Library Today: Read the Chronicle everywhere.

Chronicle of Higher Education offers free mobile access

Do you want access to the Chronicle of Higher Education from your mobile communication device? Want to skip the library login process for gaining access? The Chronicle of Higher Education now provides direct and mobile service to its content (UST Libraries is covering the extra fee for this) in addition to campuswide access through the library website.

Any current UST faculty, staff or student who has or creates a free Chronicle account with their “@stthomas.edu” address now will be able to do the following:

  1. Access premium content posted at Chronicle.com from any location
  2. Access premium content from one’s smart phone
  3. Sign up for free e-newsletters such as Academe Today and the new Global Edition
  4. Sign up for job alerts
  5. Participate in Chronicle forums
  6. Comment on Chronicle articles
  7. E-mail Chronicle content to colleagues

All that is required is a free Chronicle account, which can be created by going to Chronicle.com and clicking on the “create” link at the top, right-hand side of the page.

Libraries are not throwing away books!

After years of collecting journals in electronic form, UST Libraries now is removing the print equivalents of thousands of volumes of those journals. If you walk by containers filled with bound journals, do not worry – everything in those containers is duplicated online in the libraries’ collections.

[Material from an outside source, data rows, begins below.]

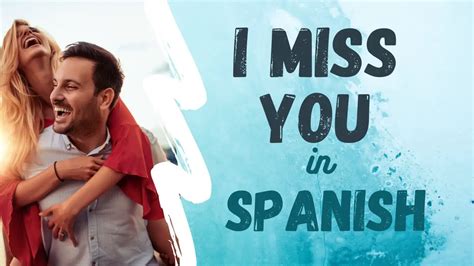 miss you en español|spanish abbreviation for miss.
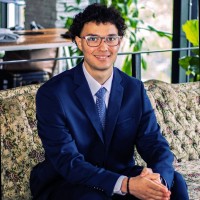 Sebastian Diaz Aguiluz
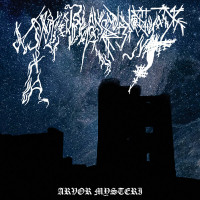 Ynkleudherhenavogyon - Arvor Mysteri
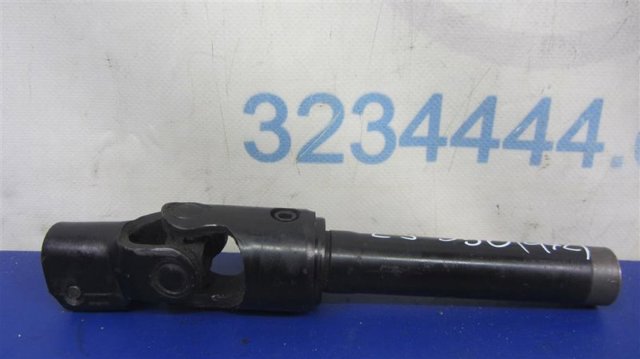 4522006111 TOYOTA Вал рулевой колонки купить в Львов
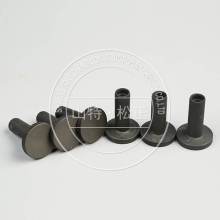 Tappet de supapă de motor 6754-41-2110 pentru excavator PC200-8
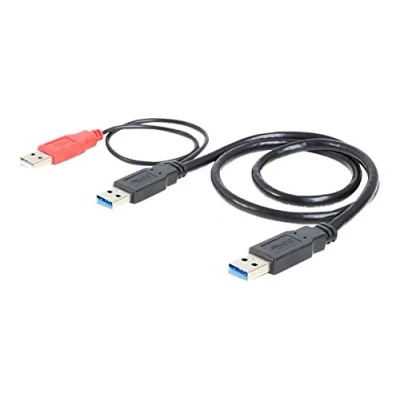 Imagen de Delock 82908 Cables Usb
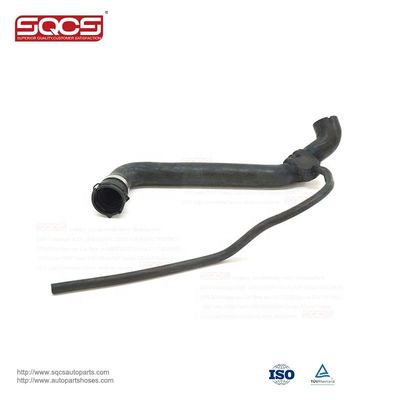 Auto Spare Parts for Mercedes-Benz M112 W220 Coolant Hose and Water Pipe Engine
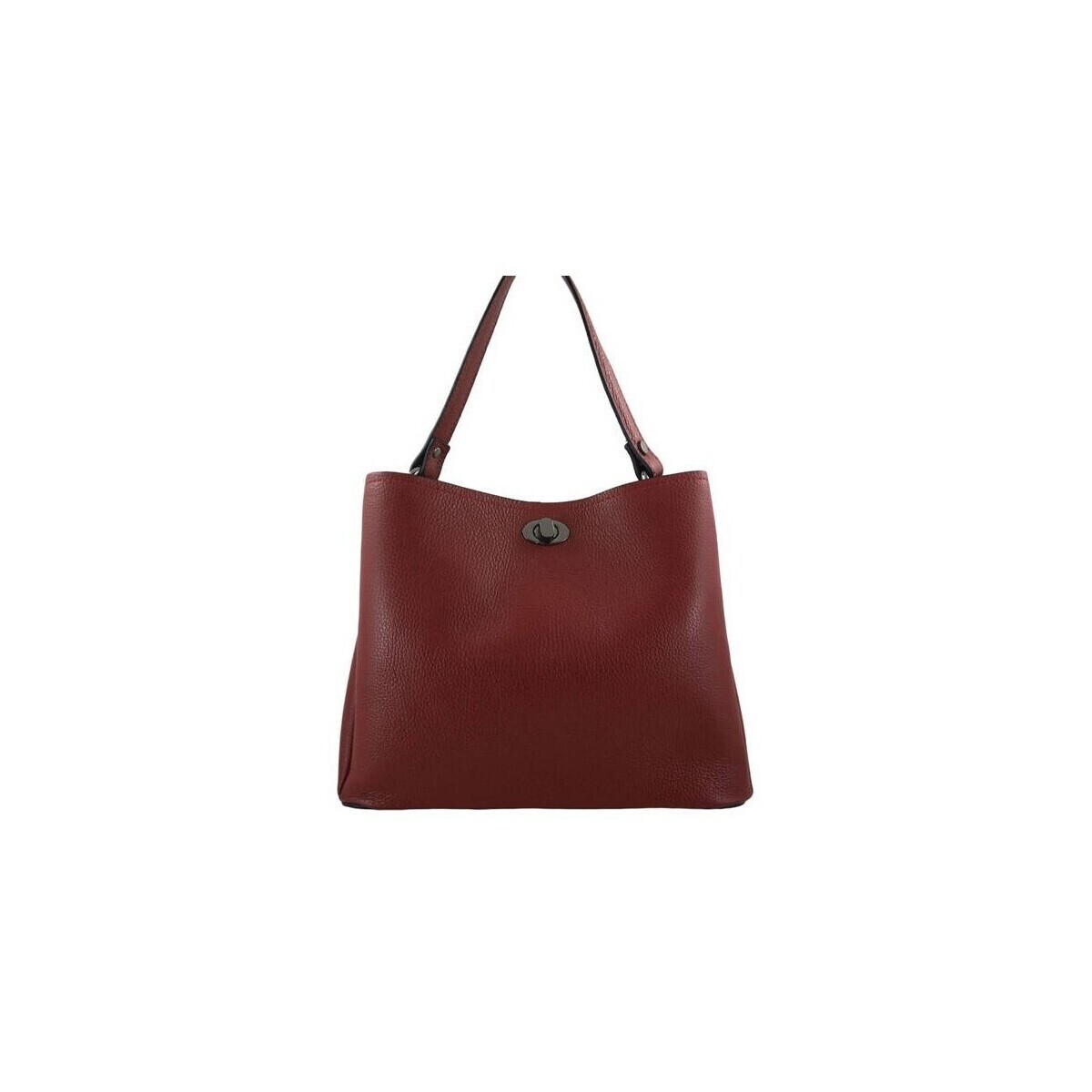 Barberini's  8391356450  Hnědá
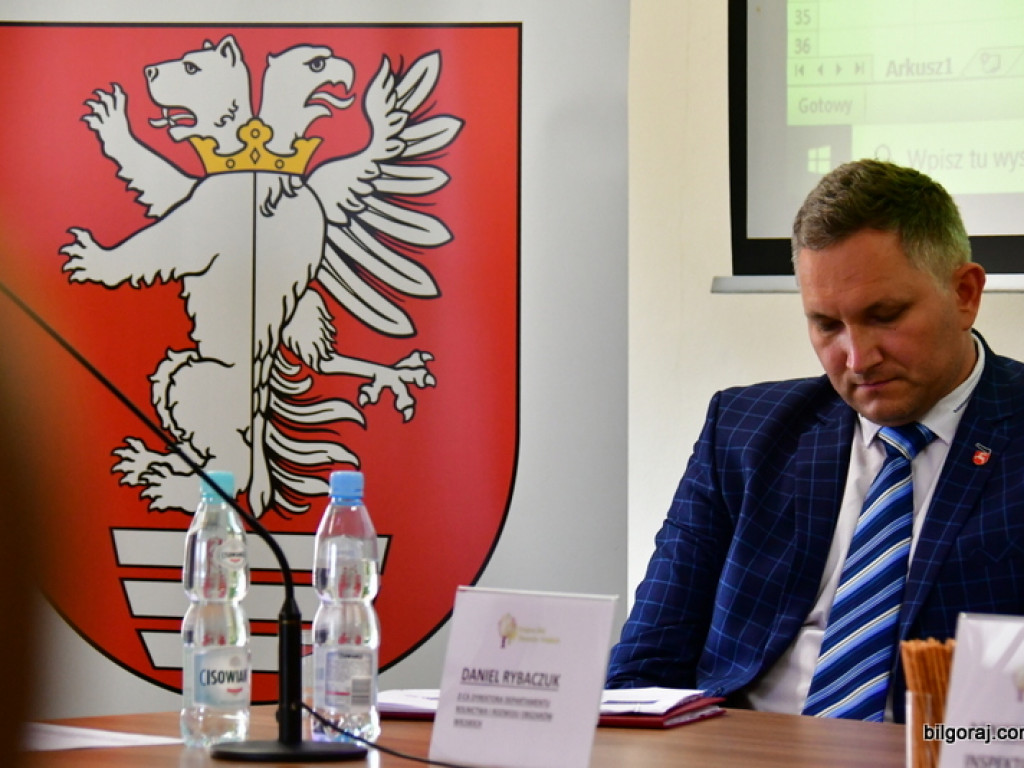 Spotkanie Kół Gospodyń Wiejskich w ramach działalności i promocji Krajowej Sieci Obszarów Wiejskich (FOTO)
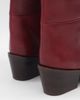 STIVALI NEW YORK STIVALI NEW YORK Eleganza Knee High Leather Boots - 3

There are significant advantages to electronic journals. They are available to the entire community 24 hours a day, seven days a week. Electronic journals can be used by multiple people at the same time and can never be lost or vandalized. The libraries are confident that the collections UST now has in electronic form are stable and permanent and from reliable providers (such as JSTOR and the American Chemical Society).

Since UST Libraries is not composed of libraries of record (these journals will continue to be available in print from larger research libraries), St. Thomas will free up shelf space in the libraries by recycling rarely used bound print journals. This project will take several months to complete.